→ **Work instruction**: Drop every image, then reproduce the data exactly as given.

→ **Data block**:

*** Block opens ***

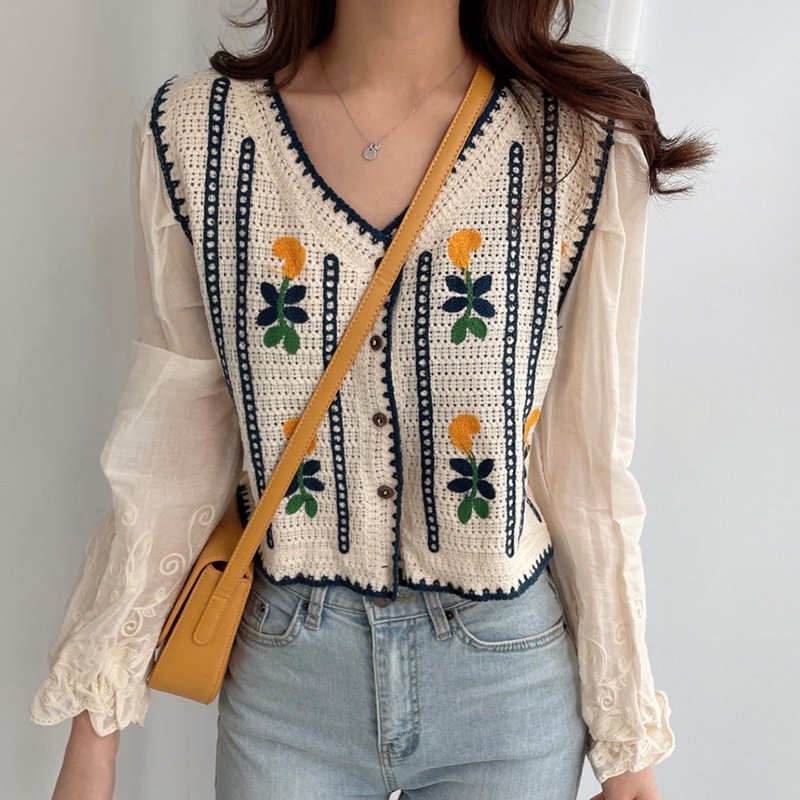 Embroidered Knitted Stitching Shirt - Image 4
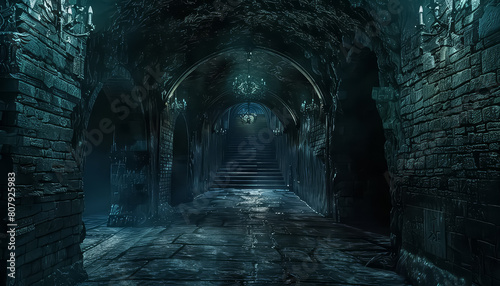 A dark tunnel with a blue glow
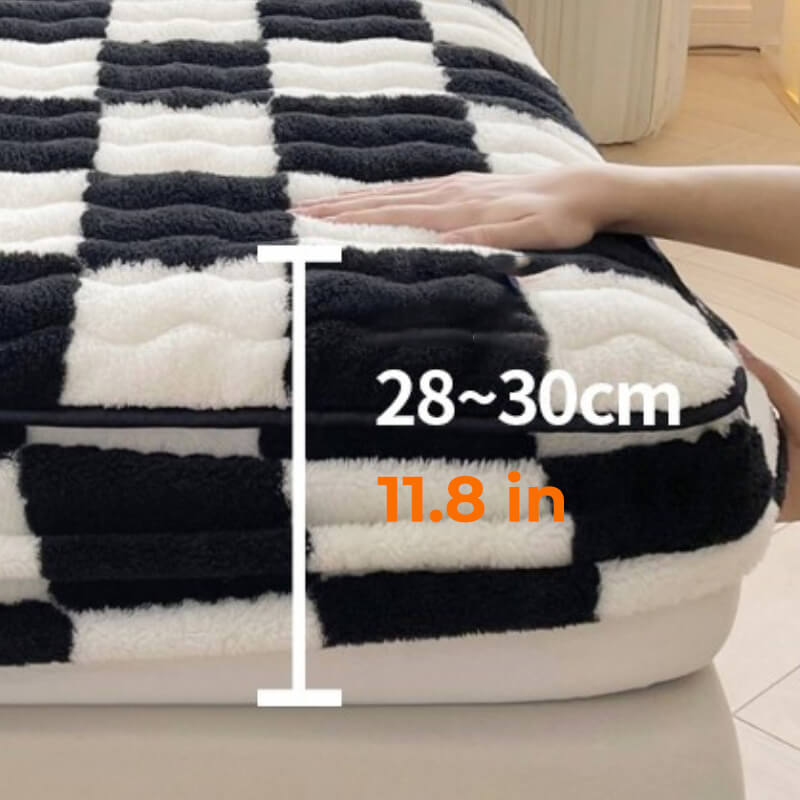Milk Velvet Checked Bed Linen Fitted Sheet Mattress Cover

*** Block closes ***

→ **Exercise solution**:
 Embroidered Knitted Stitching Shirt - Image 4
 A dark tunnel with a blue glow
Milk Velvet Checked Bed Linen Fitted Sheet Mattress Cover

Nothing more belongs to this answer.